Why I Hate Brooklyn Lit: A Dissent
This odd sense of displacement, of anomie, this unsettling sense of placelessness, is an inevitable by-product of a community that is, essentially, a self-selecting mass bohemia. To be a writer is in some sense to be an outsider, looking skeptically at the world. The problem with Brooklyn is that there’s nothing there to be outside of; in a milieu where the right to self-expression is held sacred, aggressive individuality becomes, paradoxically, the most conformist stance of all. If we’re all hip, then none of us is hip. This is why Brooklyn writers hew to such a finely-honed caste system, always searching, with diminishing returns, for the style, the word choice, the aesthetic philosophy, the intellectual turn of the screw, that will differentiate them from the bearded, bespectacled, flannel-clad horde. As the poet Meghan O’Rourke puts it—writing of Brooklyn ur-noodler Paul Auster, no less—“the postmodern toolbox has grown more elaborate, demanding greater complexity of its users than ever before…” You say your novel has footnotes? Endnotes? A flip-book? Mine had a whole chapter written in PowerPoint! Top that! In a recent Tin House essay Evan Hughes writes cannily, if more generously, of this spiral of tribal judgement, locating it in “an impulse towards self-violence… an expression of self-loathing.” Well, shit. That’s a nice thought… but maybe they could execute their self-violence and self-loathing in private.

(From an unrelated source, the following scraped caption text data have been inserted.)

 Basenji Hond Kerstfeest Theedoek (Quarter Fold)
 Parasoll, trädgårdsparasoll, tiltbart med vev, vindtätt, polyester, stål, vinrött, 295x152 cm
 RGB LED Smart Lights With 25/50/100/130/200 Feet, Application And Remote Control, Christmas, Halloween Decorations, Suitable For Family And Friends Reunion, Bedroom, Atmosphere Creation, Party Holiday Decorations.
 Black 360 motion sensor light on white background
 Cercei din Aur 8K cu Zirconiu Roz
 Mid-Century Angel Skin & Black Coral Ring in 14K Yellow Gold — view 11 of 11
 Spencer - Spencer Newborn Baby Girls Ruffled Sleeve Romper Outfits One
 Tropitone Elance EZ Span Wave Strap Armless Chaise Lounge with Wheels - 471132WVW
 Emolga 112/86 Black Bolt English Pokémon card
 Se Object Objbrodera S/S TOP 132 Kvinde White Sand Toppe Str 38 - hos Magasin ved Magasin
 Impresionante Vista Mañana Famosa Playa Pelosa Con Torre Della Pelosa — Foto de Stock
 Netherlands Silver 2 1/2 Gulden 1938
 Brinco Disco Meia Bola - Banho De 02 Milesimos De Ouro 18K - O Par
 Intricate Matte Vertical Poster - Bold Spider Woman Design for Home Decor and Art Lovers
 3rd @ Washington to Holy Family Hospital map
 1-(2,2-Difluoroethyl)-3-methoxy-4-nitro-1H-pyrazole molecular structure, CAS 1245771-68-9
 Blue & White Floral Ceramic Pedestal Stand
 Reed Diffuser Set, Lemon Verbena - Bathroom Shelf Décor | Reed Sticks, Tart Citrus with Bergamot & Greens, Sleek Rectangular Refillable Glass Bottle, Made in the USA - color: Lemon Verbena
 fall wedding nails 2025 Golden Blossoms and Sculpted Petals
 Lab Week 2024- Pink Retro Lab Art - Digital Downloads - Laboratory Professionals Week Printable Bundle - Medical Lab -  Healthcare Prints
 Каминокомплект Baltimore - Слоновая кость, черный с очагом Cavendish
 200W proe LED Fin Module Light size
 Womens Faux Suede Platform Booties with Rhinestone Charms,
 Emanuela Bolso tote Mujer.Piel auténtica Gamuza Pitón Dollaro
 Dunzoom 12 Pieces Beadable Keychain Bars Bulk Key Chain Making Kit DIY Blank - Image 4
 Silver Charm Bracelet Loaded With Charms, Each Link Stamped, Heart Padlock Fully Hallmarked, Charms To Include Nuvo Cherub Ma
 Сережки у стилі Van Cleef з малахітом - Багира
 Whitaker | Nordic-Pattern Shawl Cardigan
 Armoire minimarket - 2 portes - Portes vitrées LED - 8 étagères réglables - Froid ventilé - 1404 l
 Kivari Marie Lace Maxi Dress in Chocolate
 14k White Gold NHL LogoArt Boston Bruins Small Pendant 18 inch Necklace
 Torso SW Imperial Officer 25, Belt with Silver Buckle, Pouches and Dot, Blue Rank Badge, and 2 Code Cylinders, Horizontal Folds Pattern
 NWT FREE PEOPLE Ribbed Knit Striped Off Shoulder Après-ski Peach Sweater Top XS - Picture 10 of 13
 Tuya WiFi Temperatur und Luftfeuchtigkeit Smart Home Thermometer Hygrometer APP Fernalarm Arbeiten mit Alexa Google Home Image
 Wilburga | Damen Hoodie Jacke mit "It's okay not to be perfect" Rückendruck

These are the noises that an exhausted, in-bred society makes when it’s running out the clock. The tired feeling of late-imperial decadence—decadence in the original sense of the word, not the Rolling-Stones-at-Nellcote variety—clings like a bad smell to Brooklyn literature. And there’s no hope in sight, really; we can wait for the Mongols at the gate to overrun the orgy-jaded centurions and inject some vitality, but it turns out that the Mongols want a Dumbo co-op and a three-book deal and a launch party at BookCourt too. So, maybe it’s me who’s out of place, and wrong, again, and needs to move on. Maybe I’m just too old for this shit. Forget Manhattan; I’ll keep moving west, reversing the reverse-migration that doomed Nick Carraway and his crowd, tracing the footsteps and tire tracks of my younger, hungrier forbears. I might just do that. I’ve heard Peoria’s nice.